PROBLEM TO WORK ON:
Only one stretch of the data is wanted: the line containing "5th image of 522 Densmore St", the line containing "Spaghetti Carciofi e Nduja con pane tostato", and every line between them, copied exactly.

(Short web captions)
↓↓↓

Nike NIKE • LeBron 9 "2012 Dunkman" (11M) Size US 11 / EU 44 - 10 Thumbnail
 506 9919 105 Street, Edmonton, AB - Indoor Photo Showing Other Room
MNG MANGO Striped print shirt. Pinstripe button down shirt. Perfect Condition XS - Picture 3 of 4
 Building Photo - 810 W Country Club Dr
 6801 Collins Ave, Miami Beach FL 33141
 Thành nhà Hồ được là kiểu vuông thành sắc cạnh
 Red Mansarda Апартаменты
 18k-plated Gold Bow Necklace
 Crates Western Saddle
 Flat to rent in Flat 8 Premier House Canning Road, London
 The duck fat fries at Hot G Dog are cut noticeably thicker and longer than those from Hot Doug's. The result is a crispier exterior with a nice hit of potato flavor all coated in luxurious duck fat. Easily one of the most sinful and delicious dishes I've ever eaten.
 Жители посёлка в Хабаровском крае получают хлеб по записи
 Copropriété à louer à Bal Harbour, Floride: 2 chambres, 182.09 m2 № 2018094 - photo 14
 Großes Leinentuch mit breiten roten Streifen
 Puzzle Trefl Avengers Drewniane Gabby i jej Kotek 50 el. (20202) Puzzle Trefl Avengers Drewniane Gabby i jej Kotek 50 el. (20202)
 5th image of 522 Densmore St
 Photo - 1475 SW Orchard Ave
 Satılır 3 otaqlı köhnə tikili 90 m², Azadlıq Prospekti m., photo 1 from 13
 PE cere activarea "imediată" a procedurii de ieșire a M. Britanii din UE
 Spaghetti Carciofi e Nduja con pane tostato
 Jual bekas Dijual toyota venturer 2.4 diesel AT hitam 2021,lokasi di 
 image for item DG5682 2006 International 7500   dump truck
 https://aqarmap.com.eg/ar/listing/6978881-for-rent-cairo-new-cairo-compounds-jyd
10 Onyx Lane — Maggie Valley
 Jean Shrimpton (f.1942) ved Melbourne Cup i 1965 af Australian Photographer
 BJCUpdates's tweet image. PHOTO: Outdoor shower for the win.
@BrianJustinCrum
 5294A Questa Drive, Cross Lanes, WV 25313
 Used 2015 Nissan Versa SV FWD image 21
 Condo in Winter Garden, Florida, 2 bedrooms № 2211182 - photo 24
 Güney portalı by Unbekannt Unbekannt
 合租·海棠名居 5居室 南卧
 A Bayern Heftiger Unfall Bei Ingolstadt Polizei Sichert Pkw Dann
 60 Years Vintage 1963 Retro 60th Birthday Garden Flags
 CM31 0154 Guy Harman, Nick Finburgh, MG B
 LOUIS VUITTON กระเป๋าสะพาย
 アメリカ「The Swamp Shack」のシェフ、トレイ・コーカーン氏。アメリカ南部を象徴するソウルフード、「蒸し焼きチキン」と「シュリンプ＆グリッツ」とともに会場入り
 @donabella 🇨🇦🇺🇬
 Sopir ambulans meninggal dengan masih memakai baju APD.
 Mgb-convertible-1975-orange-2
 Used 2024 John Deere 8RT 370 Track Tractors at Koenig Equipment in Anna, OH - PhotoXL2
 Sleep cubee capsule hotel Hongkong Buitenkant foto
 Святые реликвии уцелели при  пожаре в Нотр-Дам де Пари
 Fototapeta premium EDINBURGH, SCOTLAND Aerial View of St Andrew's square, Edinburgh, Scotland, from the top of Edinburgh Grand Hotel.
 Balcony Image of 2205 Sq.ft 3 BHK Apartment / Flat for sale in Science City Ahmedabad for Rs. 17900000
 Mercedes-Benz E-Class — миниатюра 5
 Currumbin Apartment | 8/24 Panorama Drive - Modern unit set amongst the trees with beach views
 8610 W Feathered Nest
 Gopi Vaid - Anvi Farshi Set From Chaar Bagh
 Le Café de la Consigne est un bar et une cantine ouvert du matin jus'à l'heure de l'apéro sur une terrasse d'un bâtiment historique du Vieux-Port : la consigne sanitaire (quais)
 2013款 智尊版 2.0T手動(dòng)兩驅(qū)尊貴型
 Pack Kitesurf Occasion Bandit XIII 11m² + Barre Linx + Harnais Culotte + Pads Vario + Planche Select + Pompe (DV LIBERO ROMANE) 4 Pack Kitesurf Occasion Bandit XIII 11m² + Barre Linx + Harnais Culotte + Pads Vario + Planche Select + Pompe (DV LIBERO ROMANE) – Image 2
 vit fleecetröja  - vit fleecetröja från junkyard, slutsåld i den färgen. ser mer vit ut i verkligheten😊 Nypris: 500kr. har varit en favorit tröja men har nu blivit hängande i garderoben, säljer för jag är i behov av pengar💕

↑↑↑

YOUR RESPONSE:
 5th image of 522 Densmore St
 Photo - 1475 SW Orchard Ave
 Satılır 3 otaqlı köhnə tikili 90 m², Azadlıq Prospekti m., photo 1 from 13
 PE cere activarea "imediată" a procedurii de ieșire a M. Britanii din UE
 Spaghetti Carciofi e Nduja con pane tostato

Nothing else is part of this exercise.